You are the new kid on the block when it comes to luxury sneakers, where did your passion for shoes come from and when did you start designing them?
In some ways, I’ve always been the new kid on the block and perhaps the perspective that comes with being an outsider is something I’ve come to appreciate as an adult. My fascination for shoes must’ve started when I got my first pair of Nike Air Max in middle school. I’m not even quite sure why my Mom got me those but essentially, my interest in fashion took root in sneakers from that point on. Although I was born in America, I spent the first five years of my life living abroad in Taiwan. So while I grew up as somewhat of an introvert, it was, in fact, fashion that enabled a great deal of self-expression for me. I would have to attribute my passion for shoes to this time in my life.
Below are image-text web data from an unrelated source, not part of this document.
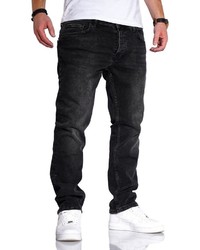 dunkelgraue Jeans von Rello & Reese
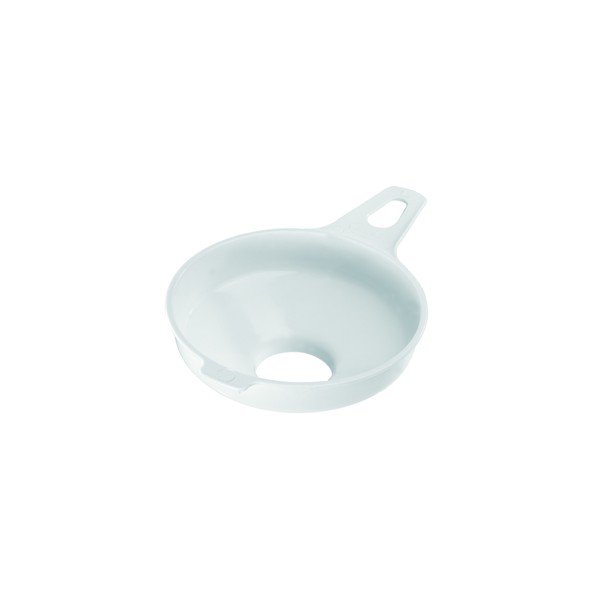 Imbuto di versamento bianco, ø 20 cm - Westmark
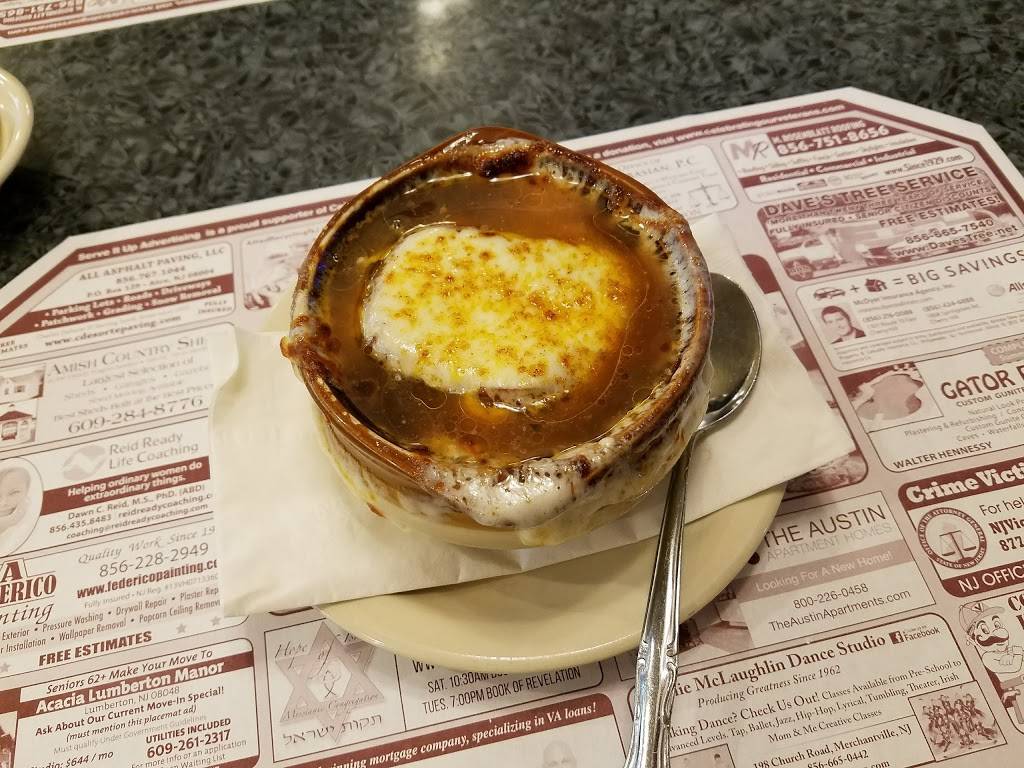 Cherry Hill Diner | restaurant | NJ-38, Cherry Hill, NJ 08002, USA | 8566678255 OR +1 856-667-8255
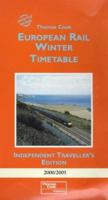 European Rail Winter Timetable 1841571253 Book Cover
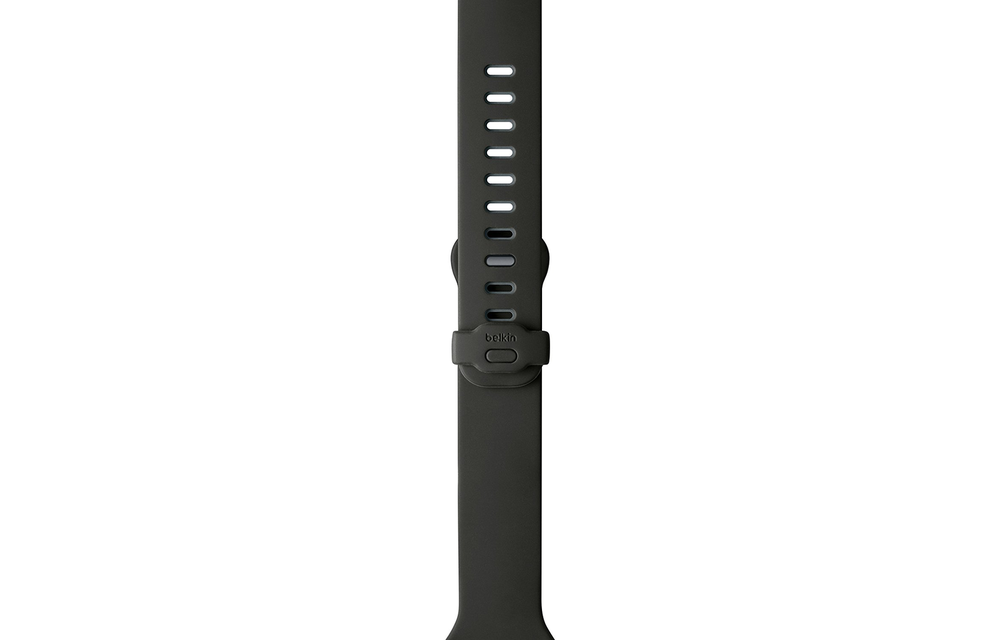 BELKIN APPLE WATCH 42MM SPORTS WRISTBAND - BLACKTOP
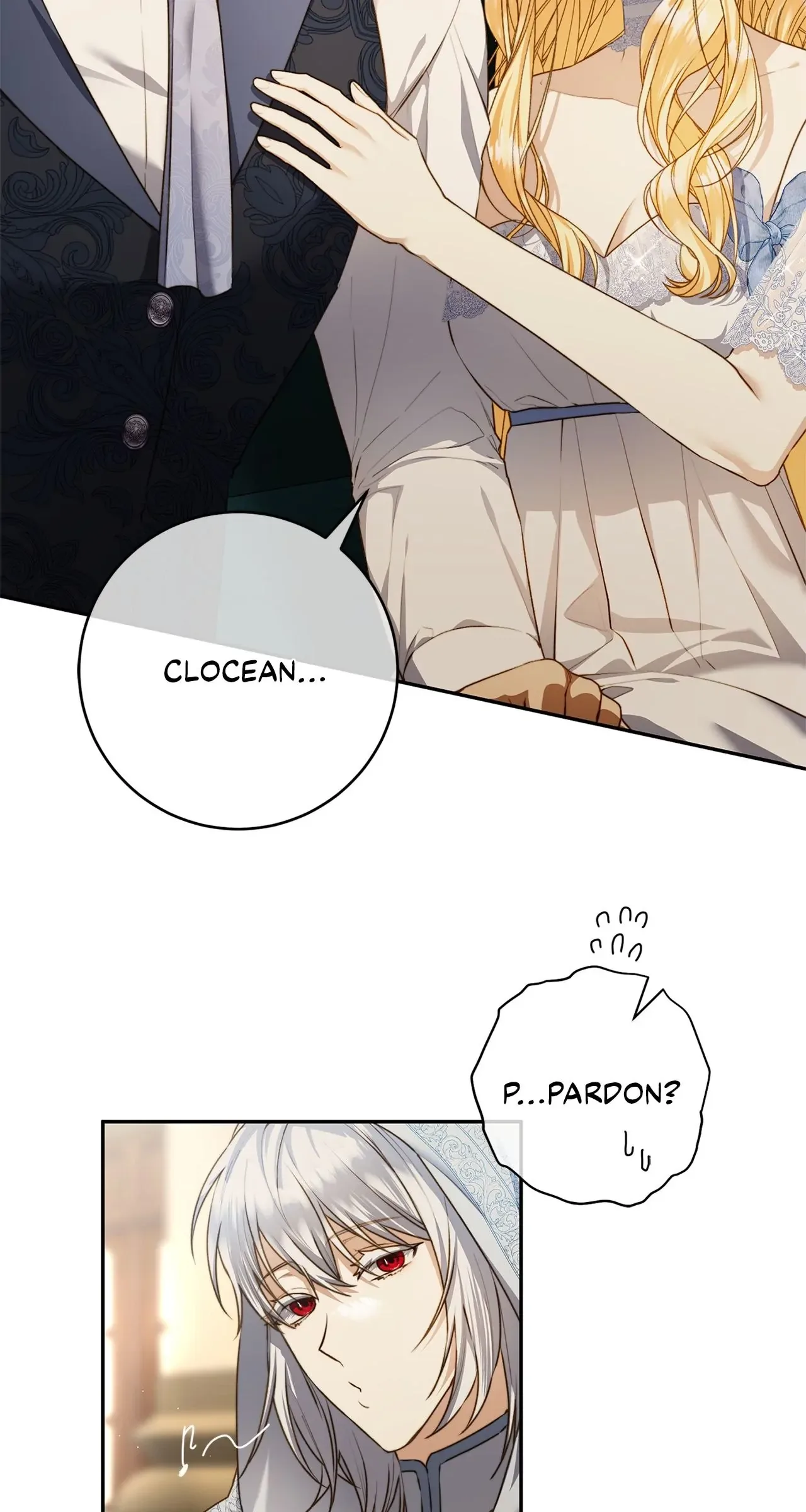 Contract Grand Duchess Chapter 43 page 3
Both my parents are architects by trade - my mother, a naval architect and my father in environmental engineering. They designed every home we ever lived in which was something that was always very impressive to me. I basically grew up in a product of their conception. Beyond that my father was a truly skilled portrait artist, inspiring a love for me to sketch at a young age. Drawing was something I could get totally lost in, sketching anything and everything for hours, completely running wild with my imagination. Yet it was my father’s innate ability to capture an essence of an individual’s soul in his portraits, which became something I felt like I needed to emulate.
I don’t necessarily come from a design background per se. I studied Finance and Marketing at NYU and only got involved in fashion when I took a job as a buyer at the American department store, Lord and Taylor. It certainly was a great way to cut my teeth in the business of fashion and to learn how to understand the consumer, but even then, I felt a sort of pressure that I was underutilizing my creativity. I got into a product development role at Express, then part of Limited Brands, but I still felt like it wasn’t enough. Finally, I sought advice from my friend’s father whom, at the time, was the President of Steve Madden Men’s. Understanding my background and with his own endeavors in mind, he invited me to join him to launch his own family’s 30 year old brand, JUMP, in the US as he prepared to leave Steve Madden.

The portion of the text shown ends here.